Q: Should there be a relationship between maturity group data and yield?
A: There could potentially be a relationship there. Hybrids that take longer to mature have more time to collect energy from sunlight and nutrients from soil, so may have higher yields. However, yield difference probably wouldn't show much of a relationship as the checks are likely from the same maturity group.
Q: The prediction needs be the forecasted yield or the forecasted yield difference?
A: Yield difference.
Q: Should we ignore the weather data from 2001 to 2007?
A: It depends on how you forecast the weather for 2017. It can be useful for predicting the weather in 2017.
Q: Can we have access to last year's data set? (2017 Crop Challenge)
A: I would say the answer to that is no. I don't think it would be all that useful, as the 2017 challenge used soybean data.
Q: For a certain hybrid do we know which check hybrid it is compared to? From a previous answer it was implied that it is not always the same.

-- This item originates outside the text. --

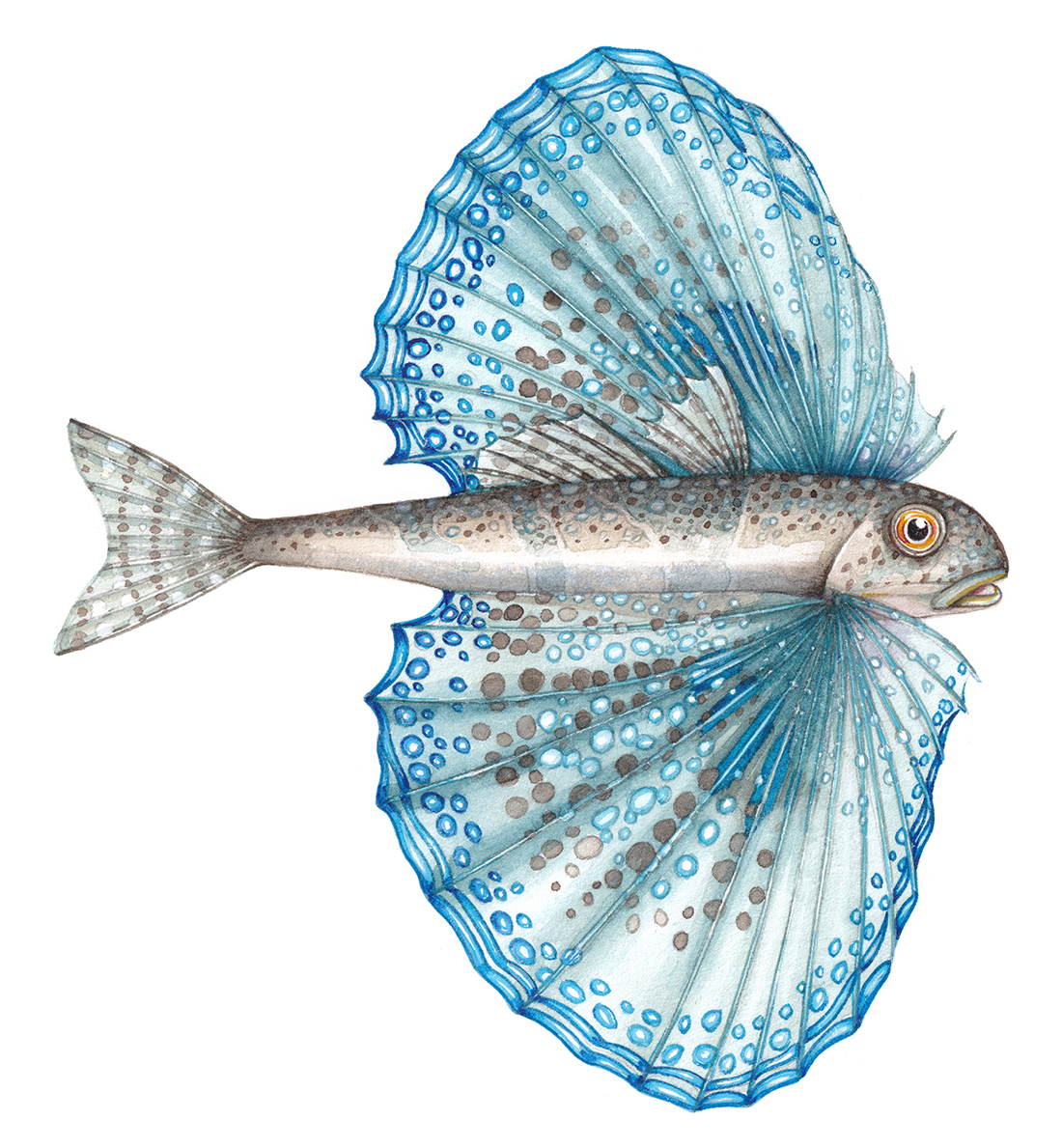 Flying Gurnard Dactylopterus Volitans Lizzie Harper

A: Yield difference is calculated based on the comparison with the mean of top 3 checks in the same growing field and the top 3 checks are not always the same.
Q: For the genetic data, I can see the same gene marker exists in some hybrids but is missing in most of the hybrids. Can we ignore this gene marker? How should we deal with these data?
A: Dealing with the missing data will likely be challenging. If a very small percentage of hybrids have a particular marker, ignoring it may be the best choice. One way the genetic data can be used is to determine how related two hybrids are, which you will likely only be able to use markers that are defined for both hybrids.